Los grupos criminales controlan alrededor del 90 % de Puerto Príncipe, la capital haitiana, y su área metropolitana, y se han expandido a zonas anteriormente seguras y regiones clave en los departamentos de Artibonite, Centro y Noroeste, interrumpiendo gravemente la prestación de servicios esenciales y la asistencia humanitaria, indica el informe de HRW.
Terror masivo, reclutamiento y abuso infantil
El documento cita cifras de Naciones Unidas sobre el asesinato entre enero y septiembre de 2025 de al menos 4.384 personas a menos de las bandas, que también cometieron 13 masacres. En este contexto, analistas afirman que Haití registra la tasa de homicidios más alta del mundo.
Uso de niños en las bandas
La violencia incluye el uso de niños, quienes representan al menos el 30 % de los miembros de las bandas y son utilizados para ejecuciones y secuestros, afirma HRW, que destaca además que en este contexto de reclutamiento las niñas son las más afectadas por violaciones graves, pues sufren tasas extremas de violación y abuso sexual.

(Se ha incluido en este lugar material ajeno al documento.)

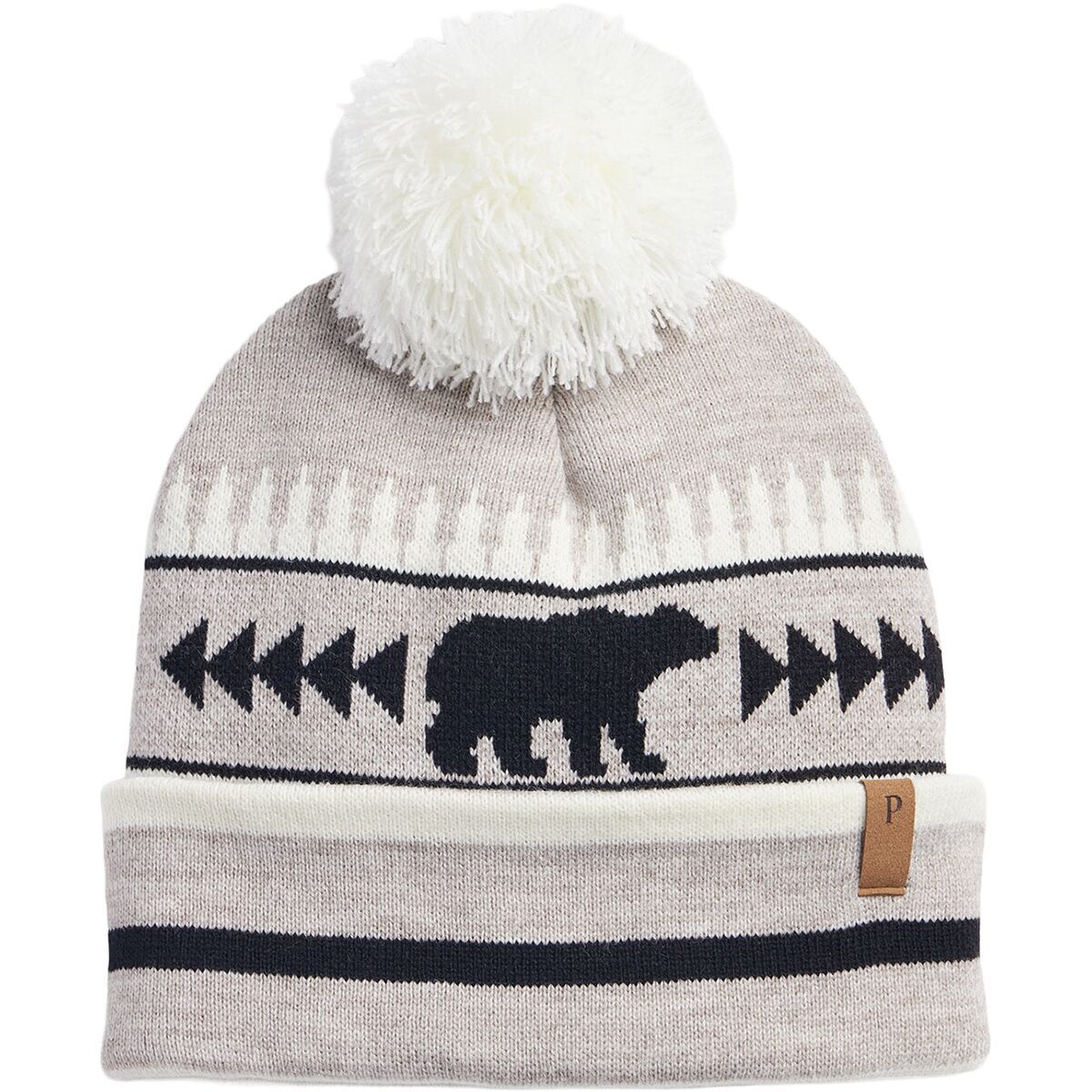 Image of Pendleton Retro Scene Beanie Bear Light Grey, One Size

La violencia también deviene de los abusos cometidos por los llamados grupos de autodefensa -nacidos en el contexto de la prolongada crisis haitiana- al tiempo que el flujo de armas y municiones hacia Haití, principalmente desde Estados Unidos, ha seguido alimentando la situación, indica el informe.
De acuerdo con datos recientes de la Oficina Integrada de las Naciones Unidas en Haití (Binuh), al menos 5.915 personas murieron y otras 2.708 resultaron heridas en el país en 2025 a causa de la violencia de las bandas y las operaciones de las fuerzas de seguridad para combatirlas.
Fuerzas de seguridad en la mira
La Policía Nacional y la Misión Multinacional de Apoyo a la Seguridad (MSS), autorizada por la ONU y transformada ahora en la Fuerza de Supresión de Pandillas (GSF), siguieron enfrentándose a importantes dificultades de personal, capacitación y financiación, lo que les ha impedido cumplir plenamente su mandato.
Los agentes de policía también han sido responsables del uso excesivo de la fuerza y otras graves violaciones de derechos humanos durante sus operaciones contra grupos criminales.
Al menos 3.199 personas murieron presuntamente durante operativos policiales entre enero y agosto pasados, el 17 % de las cuales no participaron en los enfrentamientos, mientras que hasta septiembre se atribuyen 174 ejecuciones sumarias a la Policía, según datos de la ONU citados en el informe.
Hambre y carencias en salud y educación
El documento se refiere además a las carencias en sectores como la salud, la justicia o la falta de política de asistencia a las personas desplazadas internamente.
De acuerdo con los datos de la ONG, unas 5,7 millones de personas, es decir, más de la mitad de la población de Haití, sufre altos niveles de inseguridad alimentaria aguda, y 600.000 sufren hambruna, una de las cifras más altas del mundo según el Programa Mundial de Alimentos, como cita el informe.
Más de 6 millones de personas, incluidos 3,3 millones de niños, necesitan asistencia humanitaria urgente en Haití, donde han colapsado los servicios sanitarios y ha habido un cierre masivo de escuelas.
El informe de HRW indica que la cancelación de la mayor parte de la ayuda estadounidense debilitó aún más la respuesta humanitaria a la crisis haitiana.